Write out all the material verbatim, line by line.

------------------------------------

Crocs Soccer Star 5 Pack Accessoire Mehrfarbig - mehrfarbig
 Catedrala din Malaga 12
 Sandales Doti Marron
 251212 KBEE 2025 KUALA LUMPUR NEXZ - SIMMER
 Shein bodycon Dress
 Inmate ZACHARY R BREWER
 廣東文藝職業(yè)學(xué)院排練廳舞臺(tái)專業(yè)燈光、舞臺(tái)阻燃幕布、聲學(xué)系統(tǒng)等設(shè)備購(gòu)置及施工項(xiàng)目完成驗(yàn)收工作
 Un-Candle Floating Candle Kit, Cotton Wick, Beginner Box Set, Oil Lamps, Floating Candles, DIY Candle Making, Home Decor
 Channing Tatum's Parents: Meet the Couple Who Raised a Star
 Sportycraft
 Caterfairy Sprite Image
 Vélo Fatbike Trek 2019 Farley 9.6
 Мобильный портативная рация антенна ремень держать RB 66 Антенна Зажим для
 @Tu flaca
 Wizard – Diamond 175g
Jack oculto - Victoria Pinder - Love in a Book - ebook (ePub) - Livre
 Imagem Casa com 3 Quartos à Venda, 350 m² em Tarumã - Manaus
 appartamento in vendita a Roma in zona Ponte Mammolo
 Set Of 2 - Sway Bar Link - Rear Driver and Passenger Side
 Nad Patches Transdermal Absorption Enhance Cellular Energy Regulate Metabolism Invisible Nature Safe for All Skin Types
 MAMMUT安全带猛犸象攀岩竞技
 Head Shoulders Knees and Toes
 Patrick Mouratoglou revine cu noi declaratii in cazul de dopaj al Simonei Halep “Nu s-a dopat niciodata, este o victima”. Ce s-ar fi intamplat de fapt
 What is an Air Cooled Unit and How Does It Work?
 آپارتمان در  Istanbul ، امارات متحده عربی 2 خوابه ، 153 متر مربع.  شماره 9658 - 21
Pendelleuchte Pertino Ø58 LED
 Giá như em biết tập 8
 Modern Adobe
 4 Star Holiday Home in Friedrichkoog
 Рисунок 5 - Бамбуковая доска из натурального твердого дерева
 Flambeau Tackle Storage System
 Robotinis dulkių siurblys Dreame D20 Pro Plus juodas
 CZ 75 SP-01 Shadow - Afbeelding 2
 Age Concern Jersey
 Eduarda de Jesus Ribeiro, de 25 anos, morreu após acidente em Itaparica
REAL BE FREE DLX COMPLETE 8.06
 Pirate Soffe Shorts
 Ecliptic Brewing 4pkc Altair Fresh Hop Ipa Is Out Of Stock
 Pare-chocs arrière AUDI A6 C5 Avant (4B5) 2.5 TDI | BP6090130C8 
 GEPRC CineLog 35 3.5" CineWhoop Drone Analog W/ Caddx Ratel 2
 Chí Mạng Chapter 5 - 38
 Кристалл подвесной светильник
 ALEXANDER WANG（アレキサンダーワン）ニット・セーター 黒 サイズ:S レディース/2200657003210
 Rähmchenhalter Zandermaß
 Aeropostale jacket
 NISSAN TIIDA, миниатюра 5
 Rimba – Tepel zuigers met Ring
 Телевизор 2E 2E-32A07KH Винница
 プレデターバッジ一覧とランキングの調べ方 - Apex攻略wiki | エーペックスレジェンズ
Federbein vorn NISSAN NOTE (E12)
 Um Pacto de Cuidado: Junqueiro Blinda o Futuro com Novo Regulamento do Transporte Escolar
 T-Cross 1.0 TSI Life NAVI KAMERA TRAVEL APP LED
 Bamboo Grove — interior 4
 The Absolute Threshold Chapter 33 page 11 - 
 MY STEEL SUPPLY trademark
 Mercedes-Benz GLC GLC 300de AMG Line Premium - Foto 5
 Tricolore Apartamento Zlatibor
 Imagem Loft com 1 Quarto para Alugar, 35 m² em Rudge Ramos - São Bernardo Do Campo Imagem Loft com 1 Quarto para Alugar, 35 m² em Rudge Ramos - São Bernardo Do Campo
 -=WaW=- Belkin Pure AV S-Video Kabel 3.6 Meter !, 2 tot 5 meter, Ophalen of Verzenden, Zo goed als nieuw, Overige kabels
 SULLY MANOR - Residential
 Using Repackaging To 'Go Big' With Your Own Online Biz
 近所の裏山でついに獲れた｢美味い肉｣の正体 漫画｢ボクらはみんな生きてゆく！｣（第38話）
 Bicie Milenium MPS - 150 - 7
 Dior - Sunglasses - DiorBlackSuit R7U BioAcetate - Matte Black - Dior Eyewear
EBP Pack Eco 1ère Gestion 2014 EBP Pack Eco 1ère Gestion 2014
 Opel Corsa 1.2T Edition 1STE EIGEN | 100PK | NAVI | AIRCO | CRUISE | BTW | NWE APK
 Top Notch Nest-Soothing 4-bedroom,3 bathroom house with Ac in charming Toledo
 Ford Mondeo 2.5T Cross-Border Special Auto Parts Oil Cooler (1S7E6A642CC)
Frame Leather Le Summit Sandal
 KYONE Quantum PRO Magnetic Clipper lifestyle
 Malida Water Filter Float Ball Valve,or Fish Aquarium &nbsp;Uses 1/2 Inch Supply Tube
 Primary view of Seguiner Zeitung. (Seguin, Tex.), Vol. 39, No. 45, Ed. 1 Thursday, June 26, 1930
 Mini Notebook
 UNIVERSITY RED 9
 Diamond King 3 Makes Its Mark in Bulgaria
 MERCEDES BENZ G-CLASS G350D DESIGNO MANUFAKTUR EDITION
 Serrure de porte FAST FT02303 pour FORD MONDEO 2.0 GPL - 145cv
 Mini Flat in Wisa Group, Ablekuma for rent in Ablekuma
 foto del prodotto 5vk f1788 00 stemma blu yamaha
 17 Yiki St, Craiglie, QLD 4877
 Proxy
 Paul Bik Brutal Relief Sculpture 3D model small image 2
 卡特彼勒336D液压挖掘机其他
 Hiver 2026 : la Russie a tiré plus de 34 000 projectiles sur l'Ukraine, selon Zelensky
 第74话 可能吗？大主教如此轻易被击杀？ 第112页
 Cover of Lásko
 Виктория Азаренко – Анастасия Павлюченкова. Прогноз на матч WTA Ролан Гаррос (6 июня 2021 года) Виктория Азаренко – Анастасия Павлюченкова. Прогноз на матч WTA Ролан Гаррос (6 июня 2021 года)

------------------------------------

Output below
Crocs Soccer Star 5 Pack Accessoire Mehrfarbig - mehrfarbig
 Catedrala din Malaga 12
 Sandales Doti Marron
 251212 KBEE 2025 KUALA LUMPUR NEXZ - SIMMER
 Shein bodycon Dress
 Inmate ZACHARY R BREWER
 廣東文藝職業(yè)學(xué)院排練廳舞臺(tái)專業(yè)燈光、舞臺(tái)阻燃幕布、聲學(xué)系統(tǒng)等設(shè)備購(gòu)置及施工項(xiàng)目完成驗(yàn)收工作
 Un-Candle Floating Candle Kit, Cotton Wick, Beginner Box Set, Oil Lamps, Floating Candles, DIY Candle Making, Home Decor
 Channing Tatum's Parents: Meet the Couple Who Raised a Star
 Sportycraft
 Caterfairy Sprite Image
 Vélo Fatbike Trek 2019 Farley 9.6
 Мобильный портативная рация антенна ремень держать RB 66 Антенна Зажим для
 @Tu flaca
 Wizard – Diamond 175g
Jack oculto - Victoria Pinder - Love in a Book - ebook (ePub) - Livre
 Imagem Casa com 3 Quartos à Venda, 350 m² em Tarumã - Manaus
 appartamento in vendita a Roma in zona Ponte Mammolo
 Set Of 2 - Sway Bar Link - Rear Driver and Passenger Side
 Nad Patches Transdermal Absorption Enhance Cellular Energy Regulate Metabolism Invisible Nature Safe for All Skin Types
 MAMMUT安全带猛犸象攀岩竞技
 Head Shoulders Knees and Toes
 Patrick Mouratoglou revine cu noi declaratii in cazul de dopaj al Simonei Halep “Nu s-a dopat niciodata, este o victima”. Ce s-ar fi intamplat de fapt
 What is an Air Cooled Unit and How Does It Work?
 آپارتمان در  Istanbul ، امارات متحده عربی 2 خوابه ، 153 متر مربع.  شماره 9658 - 21
Pendelleuchte Pertino Ø58 LED
 Giá như em biết tập 8
 Modern Adobe
 4 Star Holiday Home in Friedrichkoog
 Рисунок 5 - Бамбуковая доска из натурального твердого дерева
 Flambeau Tackle Storage System
 Robotinis dulkių siurblys Dreame D20 Pro Plus juodas
 CZ 75 SP-01 Shadow - Afbeelding 2
 Age Concern Jersey
 Eduarda de Jesus Ribeiro, de 25 anos, morreu após acidente em Itaparica
REAL BE FREE DLX COMPLETE 8.06
 Pirate Soffe Shorts
 Ecliptic Brewing 4pkc Altair Fresh Hop Ipa Is Out Of Stock
 Pare-chocs arrière AUDI A6 C5 Avant (4B5) 2.5 TDI | BP6090130C8 
 GEPRC CineLog 35 3.5" CineWhoop Drone Analog W/ Caddx Ratel 2
 Chí Mạng Chapter 5 - 38
 Кристалл подвесной светильник
 ALEXANDER WANG（アレキサンダーワン）ニット・セーター 黒 サイズ:S レディース/2200657003210
 Rähmchenhalter Zandermaß
 Aeropostale jacket
 NISSAN TIIDA, миниатюра 5
 Rimba – Tepel zuigers met Ring
 Телевизор 2E 2E-32A07KH Винница
 プレデターバッジ一覧とランキングの調べ方 - Apex攻略wiki | エーペックスレジェンズ
Federbein vorn NISSAN NOTE (E12)
 Um Pacto de Cuidado: Junqueiro Blinda o Futuro com Novo Regulamento do Transporte Escolar
 T-Cross 1.0 TSI Life NAVI KAMERA TRAVEL APP LED
 Bamboo Grove — interior 4
 The Absolute Threshold Chapter 33 page 11 - 
 MY STEEL SUPPLY trademark
 Mercedes-Benz GLC GLC 300de AMG Line Premium - Foto 5
 Tricolore Apartamento Zlatibor
 Imagem Loft com 1 Quarto para Alugar, 35 m² em Rudge Ramos - São Bernardo Do Campo Imagem Loft com 1 Quarto para Alugar, 35 m² em Rudge Ramos - São Bernardo Do Campo
 -=WaW=- Belkin Pure AV S-Video Kabel 3.6 Meter !, 2 tot 5 meter, Ophalen of Verzenden, Zo goed als nieuw, Overige kabels
 SULLY MANOR - Residential
 Using Repackaging To 'Go Big' With Your Own Online Biz
 近所の裏山でついに獲れた｢美味い肉｣の正体 漫画｢ボクらはみんな生きてゆく！｣（第38話）
 Bicie Milenium MPS - 150 - 7
 Dior - Sunglasses - DiorBlackSuit R7U BioAcetate - Matte Black - Dior Eyewear
EBP Pack Eco 1ère Gestion 2014 EBP Pack Eco 1ère Gestion 2014
 Opel Corsa 1.2T Edition 1STE EIGEN | 100PK | NAVI | AIRCO | CRUISE | BTW | NWE APK
 Top Notch Nest-Soothing 4-bedroom,3 bathroom house with Ac in charming Toledo
 Ford Mondeo 2.5T Cross-Border Special Auto Parts Oil Cooler (1S7E6A642CC)
Frame Leather Le Summit Sandal
 KYONE Quantum PRO Magnetic Clipper lifestyle
 Malida Water Filter Float Ball Valve,or Fish Aquarium &nbsp;Uses 1/2 Inch Supply Tube
 Primary view of Seguiner Zeitung. (Seguin, Tex.), Vol. 39, No. 45, Ed. 1 Thursday, June 26, 1930
 Mini Notebook
 UNIVERSITY RED 9
 Diamond King 3 Makes Its Mark in Bulgaria
 MERCEDES BENZ G-CLASS G350D DESIGNO MANUFAKTUR EDITION
 Serrure de porte FAST FT02303 pour FORD MONDEO 2.0 GPL - 145cv
 Mini Flat in Wisa Group, Ablekuma for rent in Ablekuma
 foto del prodotto 5vk f1788 00 stemma blu yamaha
 17 Yiki St, Craiglie, QLD 4877
 Proxy
 Paul Bik Brutal Relief Sculpture 3D model small image 2
 卡特彼勒336D液压挖掘机其他
 Hiver 2026 : la Russie a tiré plus de 34 000 projectiles sur l'Ukraine, selon Zelensky
 第74话 可能吗？大主教如此轻易被击杀？ 第112页
 Cover of Lásko
 Виктория Азаренко – Анастасия Павлюченкова. Прогноз на матч WTA Ролан Гаррос (6 июня 2021 года) Виктория Азаренко – Анастасия Павлюченкова. Прогноз на матч WTA Ролан Гаррос (6 июня 2021 года)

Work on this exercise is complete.